| TASK INSTRUCTIONS |
Pictures aside, print all of the data below exactly as written.

| GIVEN INFORMATION |
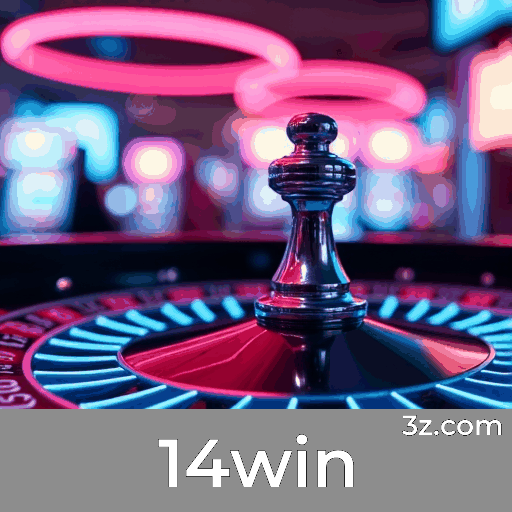 14win Login Seguro: Desbloqueie Suas Vantagens Exclusivas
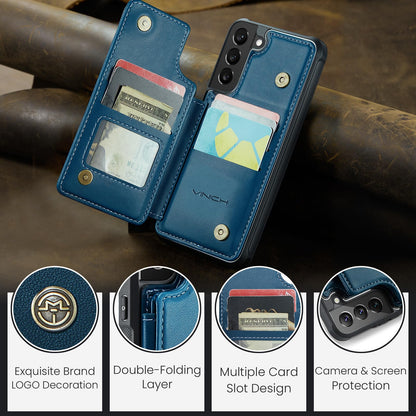 Samsung Galaxy S22 Plus - Blue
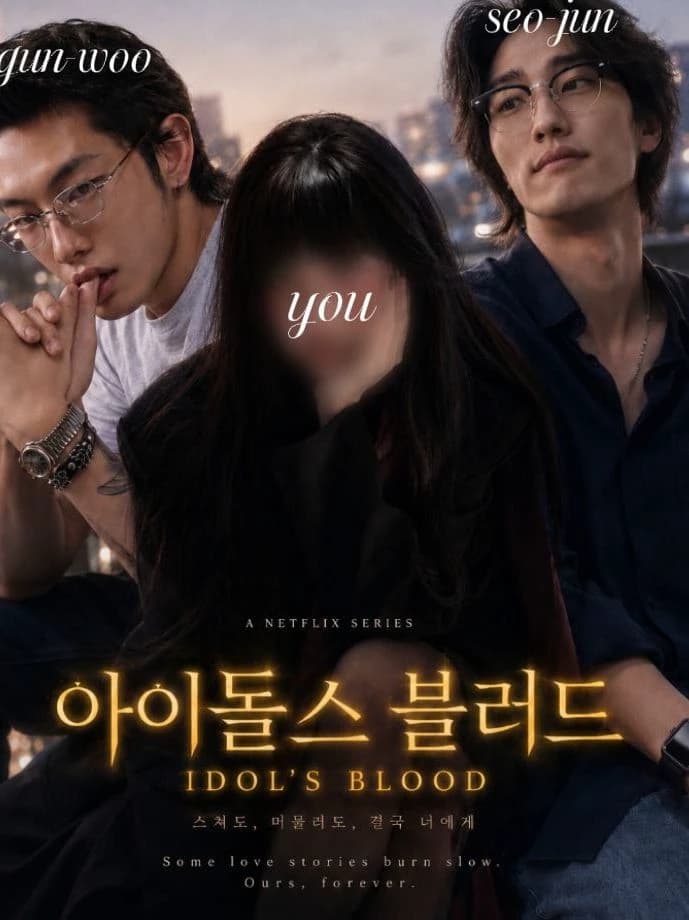 İdol's blood thumbnail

| REPLY TO THE EXERCISE |
 14win Login Seguro: Desbloqueie Suas Vantagens Exclusivas
 Samsung Galaxy S22 Plus - Blue
 İdol's blood thumbnail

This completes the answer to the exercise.